Block Energy Plc sees major milestone as gas sales start at West Rustavi

“The commencement of gas sales is a great achievement,” said Paul Haywood.

() told investors that gas sales have now begun at the West Rustavi field, in the Republic of Georgia, following the connection of Bago LLC’s pipeline to the main Georgian Oil & Gas Corporation pipeline.

The company described it as a “major milestone” which represents a significant step change in its progression in becoming a sustainable energy provider to Georgia.

“The commencement of gas sales is a great achievement, as Block has managed to deliver its gas project in a safe manner, with zero LTIs (lost time incidents), in the face of a very challenging global environment,” said Paul Haywood, Block chief executive.

Two West Rustavi wells, WR-38Z and WR-16aZ, have been on continuous production in the early weeks of 2021 with production rates currently seen at around 790 barrels oil equivalent per day in aggregate – comprising 423 barrels of oil and 1.9mln cubic feet of gas per day.

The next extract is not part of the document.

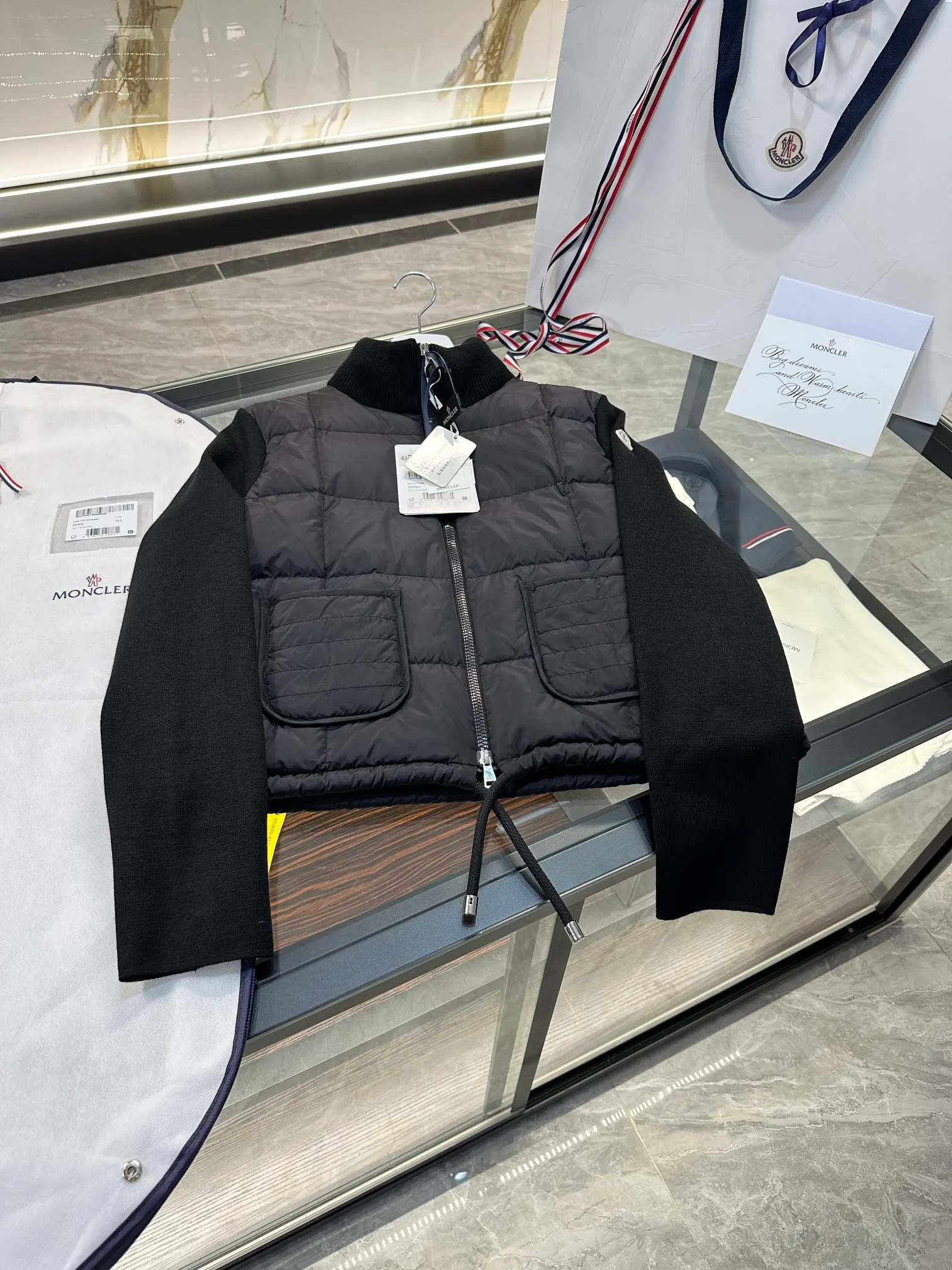 P600 Moncler women's padded wool zipper cardigan. More details shot. L258031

READ: Block wells back online at West Rustavi

The company highlighted that this production performance represents a substantial increase when compared to the rates prior to their temporary shut-in back in April 2020.

Production across all of Block’s portfolio is presently measured at around 940 boepd, which at current oil and gas prices, the company estimates is equivalent to around US$920,000 per month.

Block also noted that its production rates are also presently constrained as it continues to test and monitor reservoir and facility parameters.

Testing is slated to continue into the second and thereafter the company intends to communicate to the market the well’s stable production rates.

Haywood added: “The expected revenue from our assets now puts us in a strong position as it is expected to more than cover our operating and administrative expenditure and, therefore, we can look to deploy the surplus cash into further increasing our production rate throughout 2021.”

“Our decision to shut in our production at the West Rustavi field in April 2020 has proven to be an astute one, as we can now sell our oil based on a Brent price above US$60/bbl.

“By commencing gas sales, we have started to deliver on our ESG strategy of limiting flaring and consequently reducing our carbon footprint. 

“We look forward to updating the market further as we embark on our production enhancement plan across our mature fields and prepare for the drilling new wells soon.”